─── MATERIAL PROVIDED
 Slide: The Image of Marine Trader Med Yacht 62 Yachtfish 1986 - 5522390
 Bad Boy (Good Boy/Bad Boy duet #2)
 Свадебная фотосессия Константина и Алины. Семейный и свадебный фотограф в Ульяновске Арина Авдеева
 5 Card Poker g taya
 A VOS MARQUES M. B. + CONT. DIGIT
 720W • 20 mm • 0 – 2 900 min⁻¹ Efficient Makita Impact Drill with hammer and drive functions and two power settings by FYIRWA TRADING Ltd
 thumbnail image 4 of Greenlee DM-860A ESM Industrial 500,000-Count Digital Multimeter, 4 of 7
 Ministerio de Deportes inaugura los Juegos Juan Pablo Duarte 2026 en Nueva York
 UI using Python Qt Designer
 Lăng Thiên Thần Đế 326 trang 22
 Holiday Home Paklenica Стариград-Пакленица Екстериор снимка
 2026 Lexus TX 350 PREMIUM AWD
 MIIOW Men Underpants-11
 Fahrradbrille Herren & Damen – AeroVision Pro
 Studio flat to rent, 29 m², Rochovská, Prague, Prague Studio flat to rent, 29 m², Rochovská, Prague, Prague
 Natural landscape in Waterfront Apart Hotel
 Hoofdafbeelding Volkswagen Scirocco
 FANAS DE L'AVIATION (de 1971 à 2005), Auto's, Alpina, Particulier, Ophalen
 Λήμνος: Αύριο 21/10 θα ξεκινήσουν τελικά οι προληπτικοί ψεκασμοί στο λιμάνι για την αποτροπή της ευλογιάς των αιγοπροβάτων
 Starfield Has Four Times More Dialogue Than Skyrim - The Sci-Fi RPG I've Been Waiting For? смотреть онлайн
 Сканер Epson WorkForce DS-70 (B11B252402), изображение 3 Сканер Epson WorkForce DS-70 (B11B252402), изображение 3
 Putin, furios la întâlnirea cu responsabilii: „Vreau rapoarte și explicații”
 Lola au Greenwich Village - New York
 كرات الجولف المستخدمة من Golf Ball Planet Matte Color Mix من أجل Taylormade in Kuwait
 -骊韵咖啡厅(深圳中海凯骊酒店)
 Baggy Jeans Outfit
──────
▶ TASK OBJECTIVE: Which lines of the listing include the string "York"? Pull them out.

▶ FINISHED TASK:
 Ministerio de Deportes inaugura los Juegos Juan Pablo Duarte 2026 en Nueva York
 Lola au Greenwich Village - New York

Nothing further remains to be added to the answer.